───── TASK MATERIAL

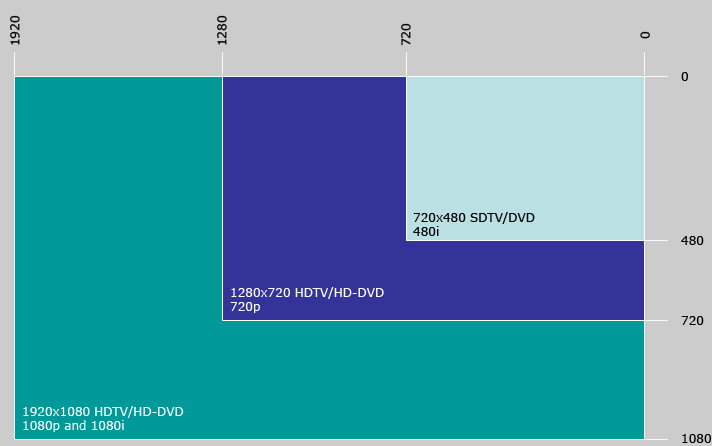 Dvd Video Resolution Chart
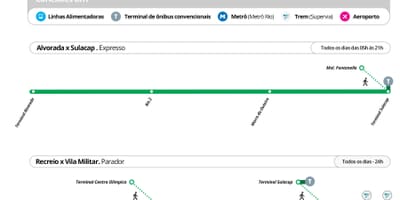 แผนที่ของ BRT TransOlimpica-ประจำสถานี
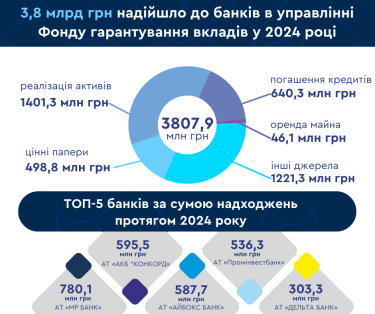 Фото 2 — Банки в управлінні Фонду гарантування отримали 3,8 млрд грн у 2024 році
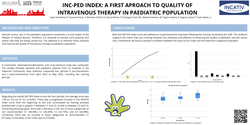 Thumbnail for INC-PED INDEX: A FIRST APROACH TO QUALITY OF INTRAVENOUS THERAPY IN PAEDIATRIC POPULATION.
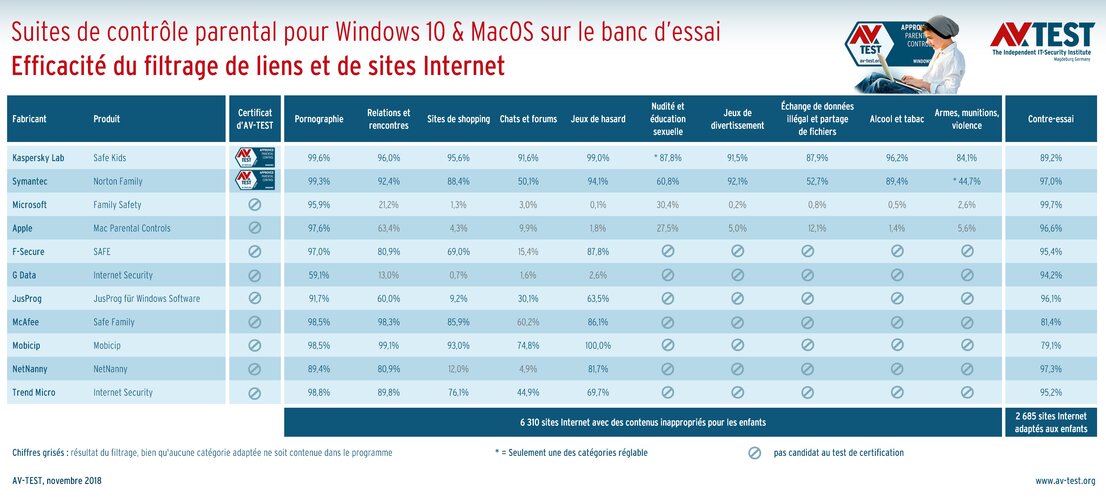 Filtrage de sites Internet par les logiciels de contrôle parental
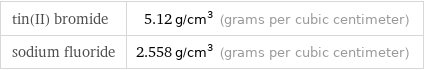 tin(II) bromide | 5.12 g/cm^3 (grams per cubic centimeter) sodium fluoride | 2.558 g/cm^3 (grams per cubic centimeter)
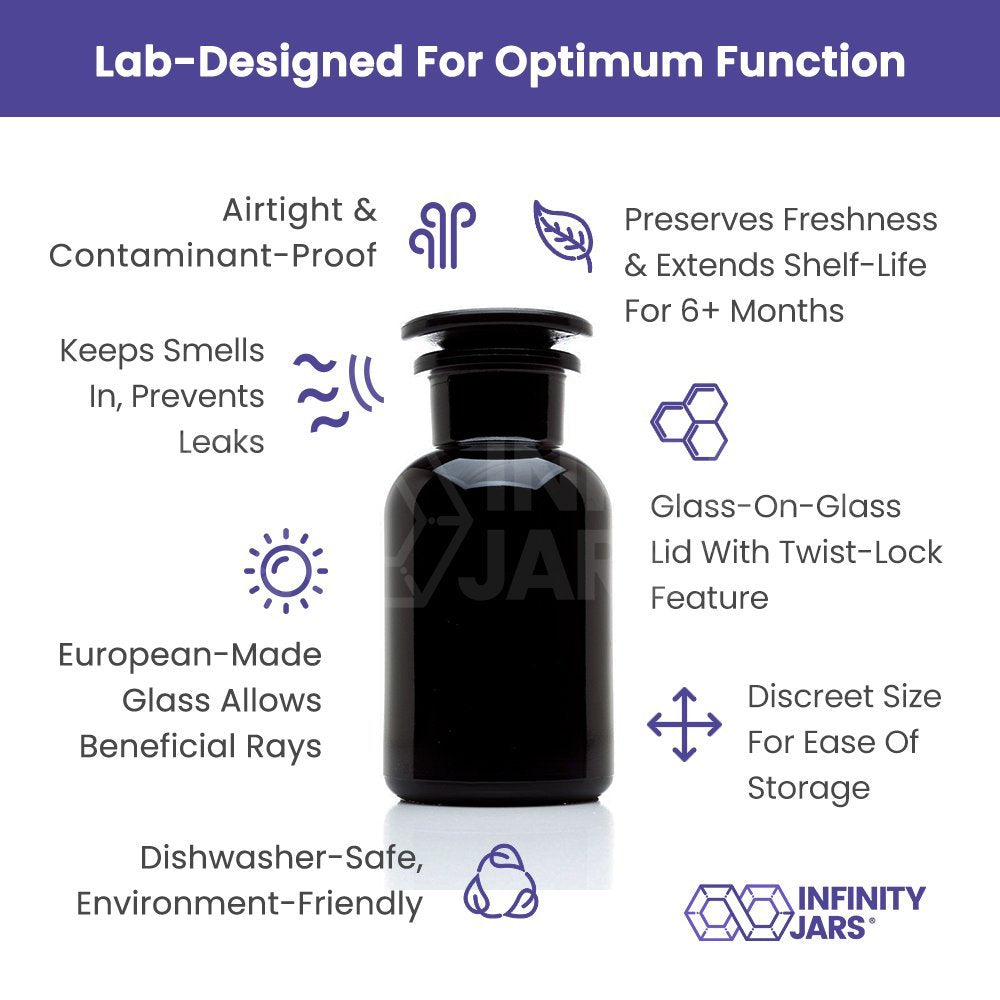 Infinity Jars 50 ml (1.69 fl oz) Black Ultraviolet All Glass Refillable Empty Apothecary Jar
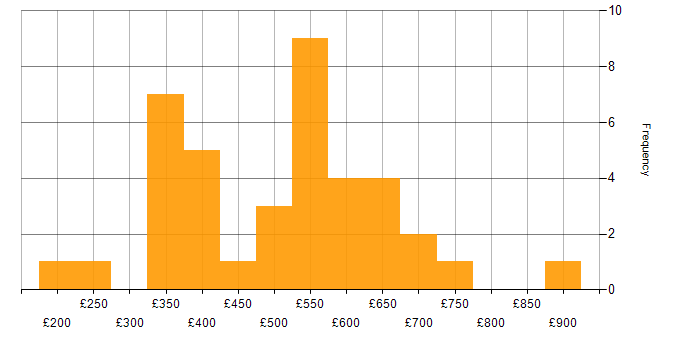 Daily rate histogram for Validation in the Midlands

──────────

### YOUR ASSIGNMENT
What is needed is a word-for-word copy of the lines from the one containing "tin(II) bromide |" through the final line of the records above, both included, with the pictures left out.

### ANSWER SECTION
 tin(II) bromide | 5.12 g/cm^3 (grams per cubic centimeter) sodium fluoride | 2.558 g/cm^3 (grams per cubic centimeter)
 Infinity Jars 50 ml (1.69 fl oz) Black Ultraviolet All Glass Refillable Empty Apothecary Jar
 Daily rate histogram for Validation in the Midlands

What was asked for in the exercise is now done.